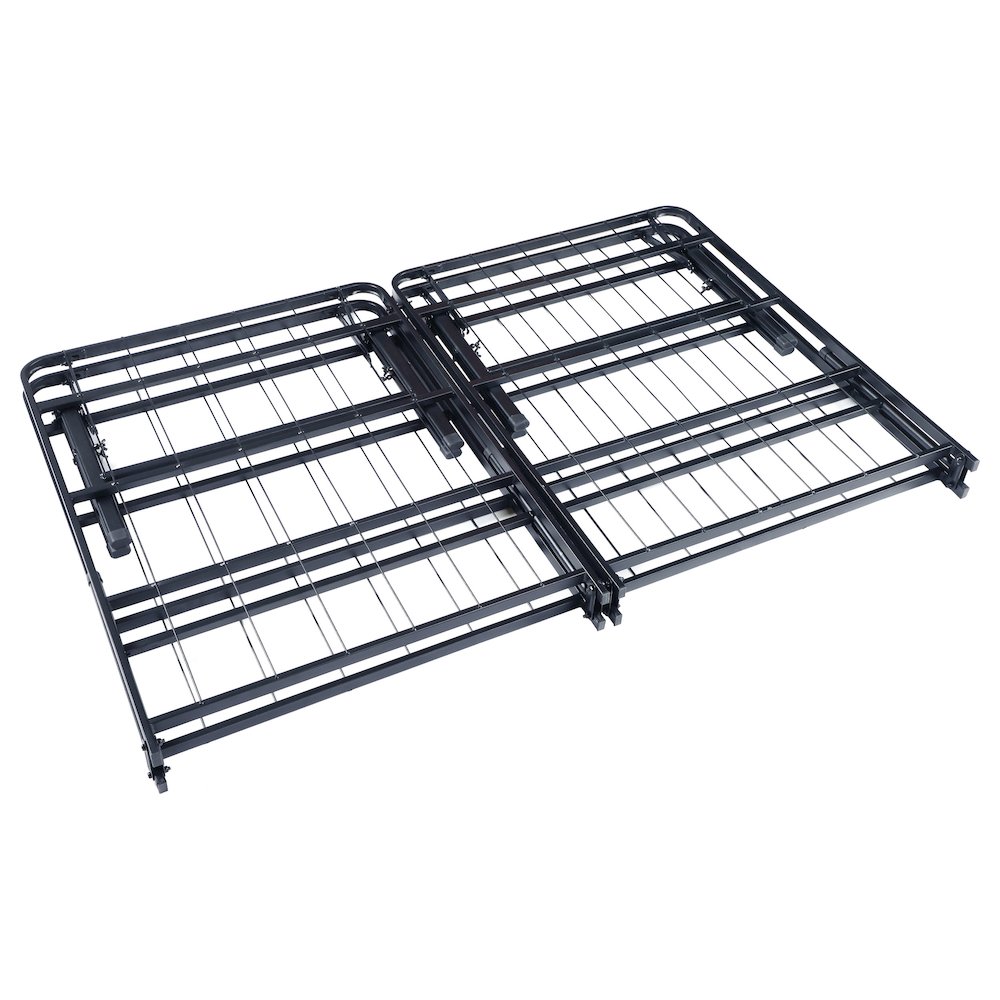 Mabel Metal Full Mattress Support Platform Bed Black. Picture 5
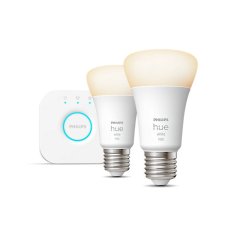 Philips HUE LED White Starter Kit žiarovka 2x E27 2x9,5W 1100lm 2700K stmievateľná BlueTooth + 1x HUE Bridge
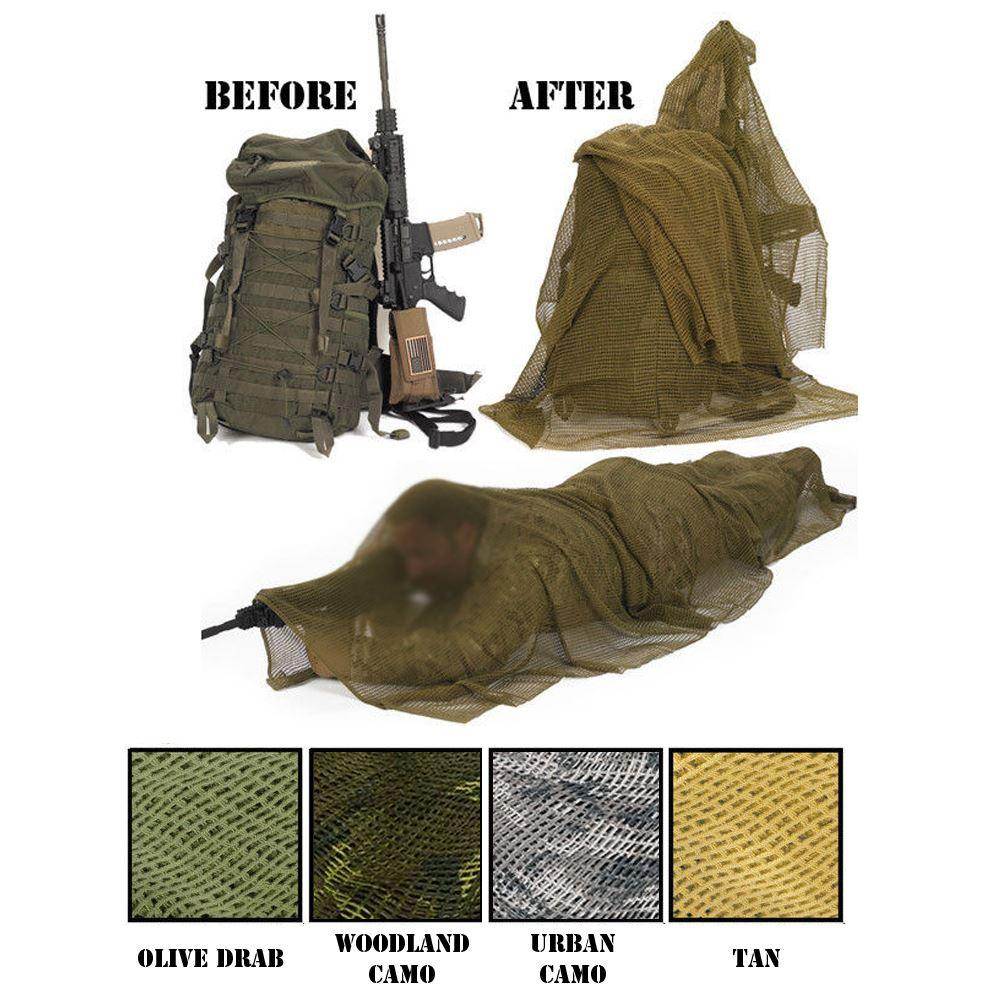 Zephyr Tactical Mesh Sniper Veil Desert Shemagh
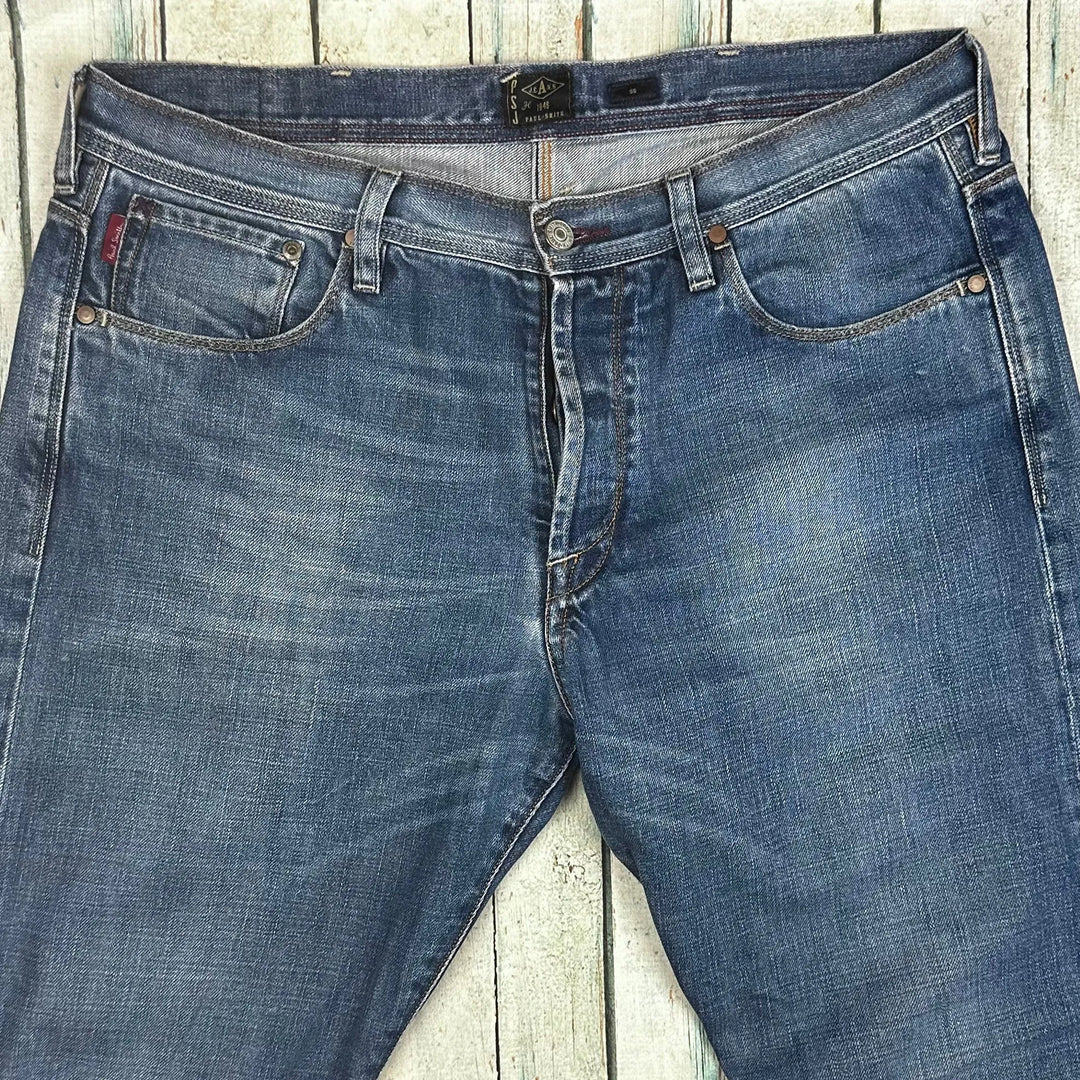 Paul Smith Jeans Straight Leg Denim Jeans - Size 36 - Jean Pool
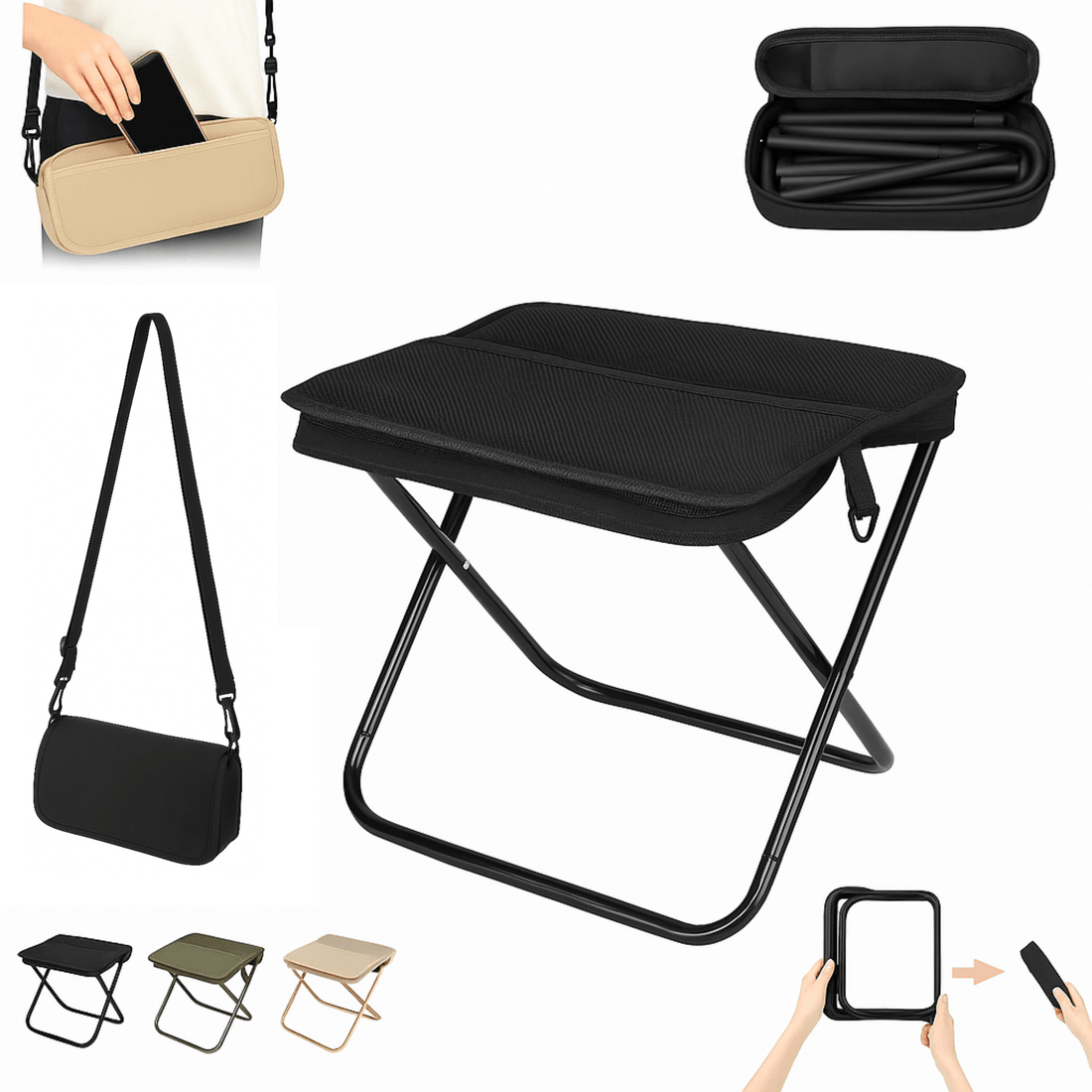 Rave Essentials Co. RE® Satchel Bag Portable Chair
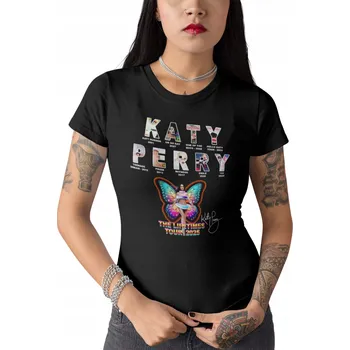 KATY PERRY TRIČKO DÁMSKÉ S POTISKEM The Lifetime Tour 2025 koncert M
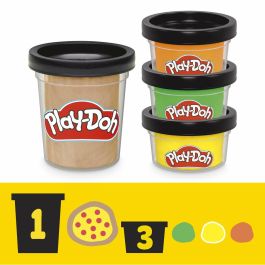 Hasbro HASG18295L0 – Lanzador de Pizzas Play-Doh de las Tortugas Ninja, set de arcilla para modelar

***

Your assignment:
Word for word, restate the records above and drop the pictures.

Response area:
 Mabel Metal Full Mattress Support Platform Bed Black. Picture 5
 Philips HUE LED White Starter Kit žiarovka 2x E27 2x9,5W 1100lm 2700K stmievateľná BlueTooth + 1x HUE Bridge
 Zephyr Tactical Mesh Sniper Veil Desert Shemagh
 Paul Smith Jeans Straight Leg Denim Jeans - Size 36 - Jean Pool
 Rave Essentials Co. RE® Satchel Bag Portable Chair
 KATY PERRY TRIČKO DÁMSKÉ S POTISKEM The Lifetime Tour 2025 koncert M
 Hasbro HASG18295L0 – Lanzador de Pizzas Play-Doh de las Tortugas Ninja, set de arcilla para modelar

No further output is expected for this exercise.